By JEANNIE WILEY WOLF
If your wish list includes a Super Princess Peach lunch box, a set of drinking glasses featuring the Peanuts gang, an Alvin the Chipmunk bank and a giant inflatable snow globe, you may want to stop by Findlay High School and check out Findlay First Edition’s annual garage sale.
All of these items and more will be offered for sale today, Friday and Saturday as a fundraiser to help offset the cost of travel and expenses for FFE families.
“I make a joke the other day: ‘We have everything and the kitchen sink — several kitchen sinks,'” laughed FFE director Kevin Manley.

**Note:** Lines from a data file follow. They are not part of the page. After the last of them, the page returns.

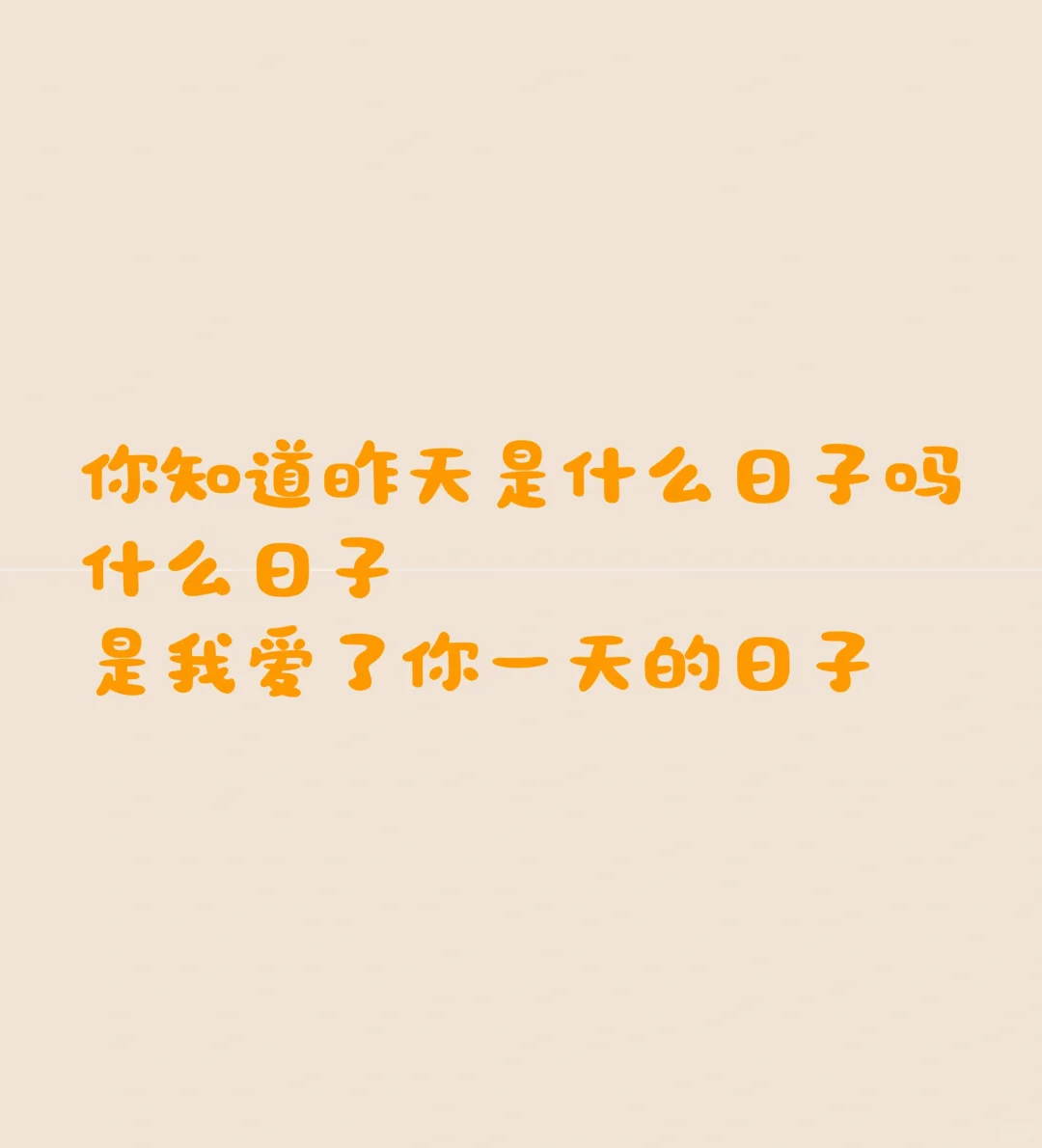 夜聊 女孩撩汉一问一答の套路情话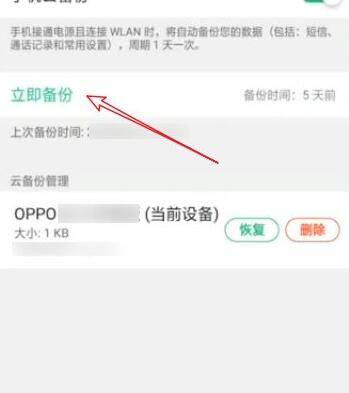 换手机了怎么导入以前的tb钱包数据呢_换手机了怎么导入以前的tb钱包数据呢安卓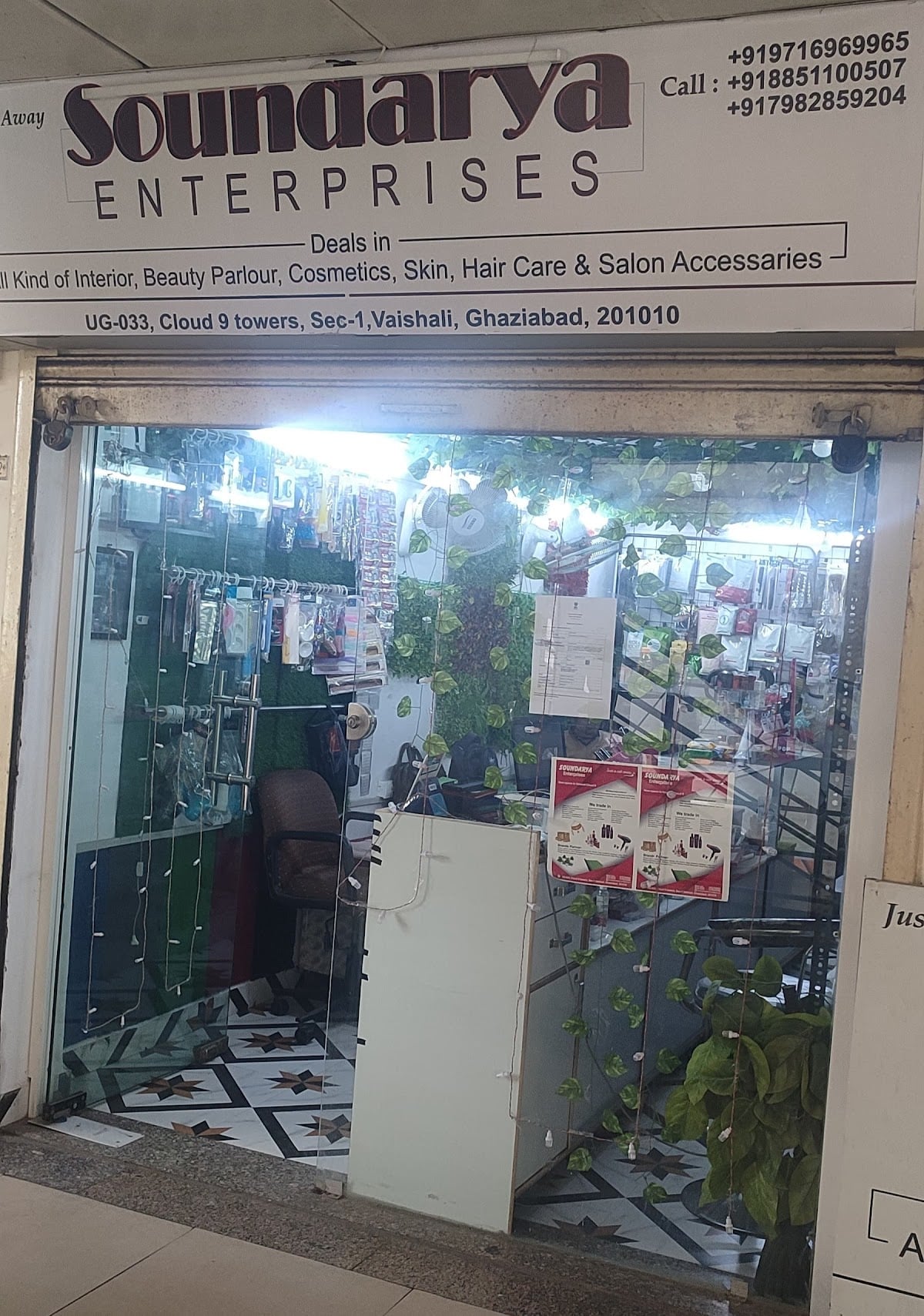 SOUNDARYA COSMETIC HUB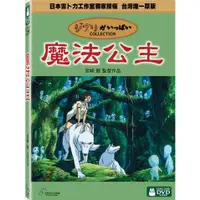 在飛比找蝦皮購物優惠-合友唱片 魔法公主 宮崎駿監督作品 吉卜力工作室 DVD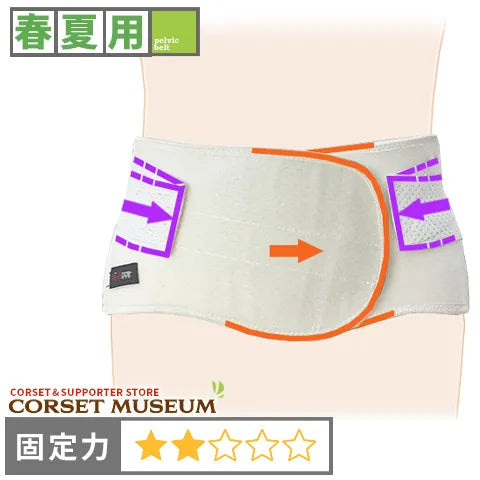 春夏用|イオンクールコルセット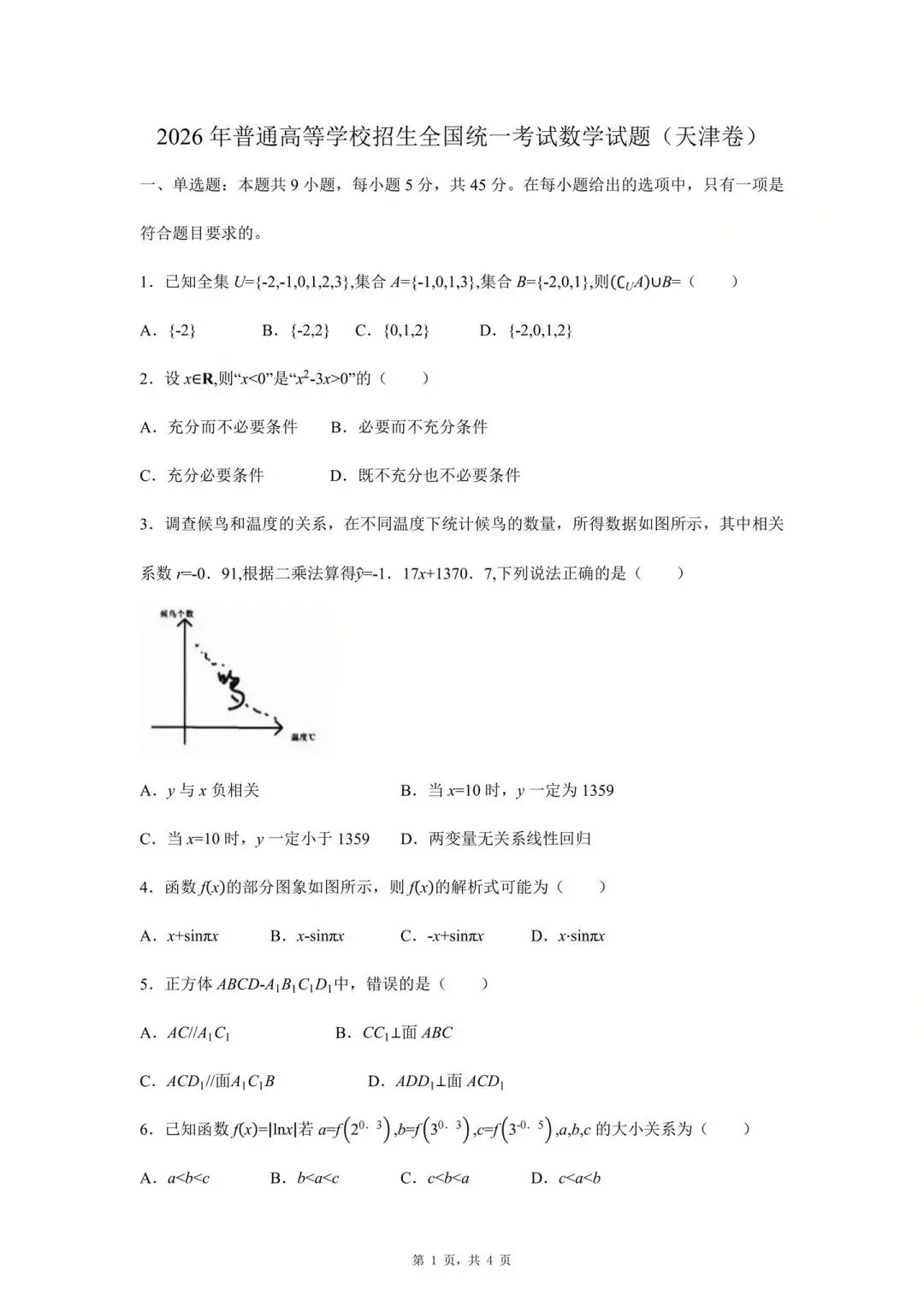 更新 | 2026年全国各省高考真题及答案全网超全汇总!-第160张图片-四季读书网 更新 | 2026年全国各省高考真题及答案全网超全汇总!-第160张图片-四季读书网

This year marks the 34th year for the show choir, which is open to Findlay High School students in grades 10-12. Singers/dancers are selected through an audition process held at the end of the school year. Manley said 90 students applied; 52 were chosen. The group also includes eight crew members and 17 instrumentalists.
The annual garage sale is organized by the parents of FFE members. Although Manley isn’t sure about the dates, he suspects the sale has been held the past 15 to 20 years. It was organized the first year as a way to pay the choreographer who leads FFE members during camp, which is always held this week in July.
“We learn a show this week,” said Manley. “Singers/dancers are here from 9 a.m. to 8 p.m. and we’ll put four songs together and then we do a show at the end of the week on Saturday at 4 p.m.”
The first year’s sale generated $500, he said.
“They learned a lot that first year. And then the second year, they made $5,000,” he said.
Annual profits stayed between $5,000 and $7,000 for a long time, according to Manley.
“So it turned into a fundraiser for the group, as well,” he said. “Then one year we had a big year and it went up to $10,000. And then that really motivated the parents.”
Last year’s total was nearly $14,000. Money goes into the general fund to help pay for expenses such as costumes.
“Costumes are a major expense,” said Manley. “That’s about $25,000 to $30,000 a year for costumes. And we pay our choreographer throughout the season.”
Co-chairs Denise McCutchen and Robin Walters-Powell are heading up a committee of about 15 parents who have been working on the sale since May. Many others volunteer throughout the week with sorting, pricing and selling.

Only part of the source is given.